# International 2500 Series B Gas Engine



## Miccol (Jan 26, 2017)

Finally started restoring Dad's (the original Doc Fixem) International 2500 Series B loader tractor. Motor locked up and I actually began this project back in 2010. Wife's cousin said he'd "help". We disassembled and I had the block bored and bought all new pistons, rings, bearings, gaskets and seals. He said he'd put it all back together in his shop, since he had better accomodations and tools. Got divorced (not over the tractor. . .) and her cousin has left it sitting on the floor in a corner of his shop, full of rust and dust and mud daubers. Finally got everything (I hope) home before Christmas last year. 

I've cleaned up everything and am ready to begin putting this baby back together, but I'm looking for better manuals for instruction. I have a 92 page Engine Service Manual for a 574 engine, which I believe is the same one used in the 2500B, but it doesn't have enough info. To basic. I also have the operation manual, but again, too basic. 

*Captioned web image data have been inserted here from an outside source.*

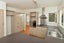 330 Kamo Road, Kamo, Whangarei - Carousel 4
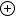 Icon used on button in Journal that opens an insert menu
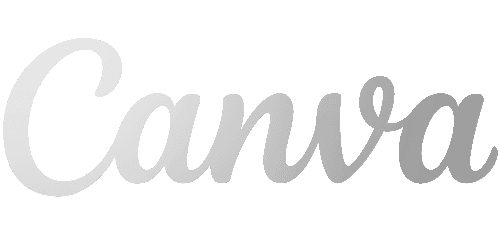 Canva
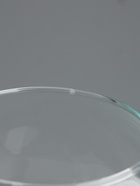 УЦЕНКА Ваза «Шаровая» горл. d=13.5 см, 18×16 см, 3 л 2068 прозрачная - Фото 3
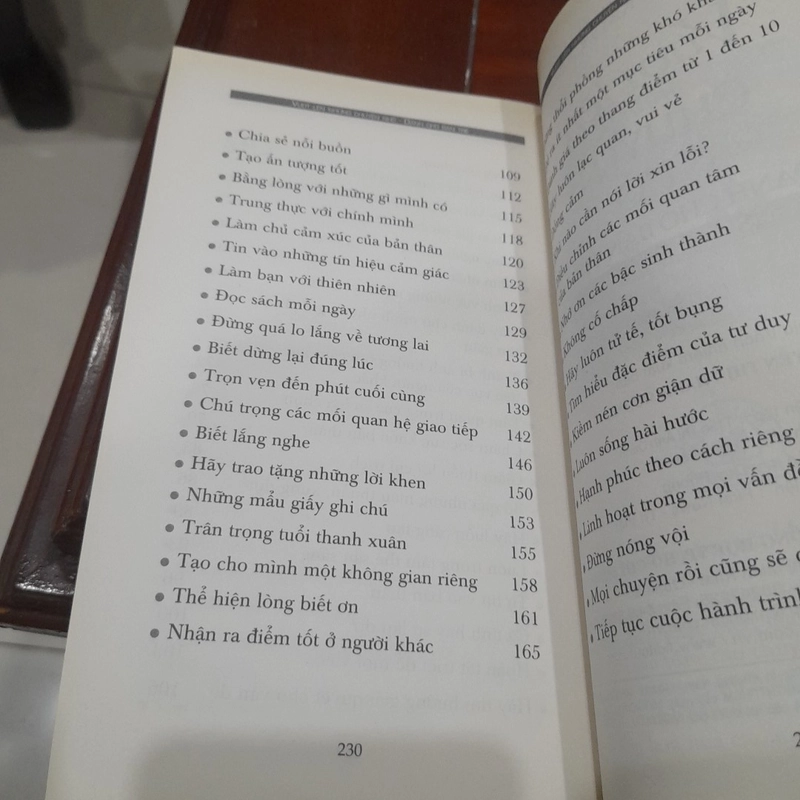 Richard Carlso, Ph.D. Kris Carlson - VƯỢT LÊN NHỮNG CHUYỆN NHỎ 312901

Does anyone have any detailed manuals for the GAS engine for a 2500B they can share with me, or a resource that has EXACTLY what I need?

Thanks,
Doc Fixem


----------



## RC Wells (Dec 26, 2008)

Follow this link: http://www.tractorforum.com/manuals/ih-24002500-ab-tractor-manuals-9.html

Or go to http://www.ssbtractor.com/tractor_manual_display.cgi?m=International Farmall&o=2500 A/B Series and purchase a paper manual.


----------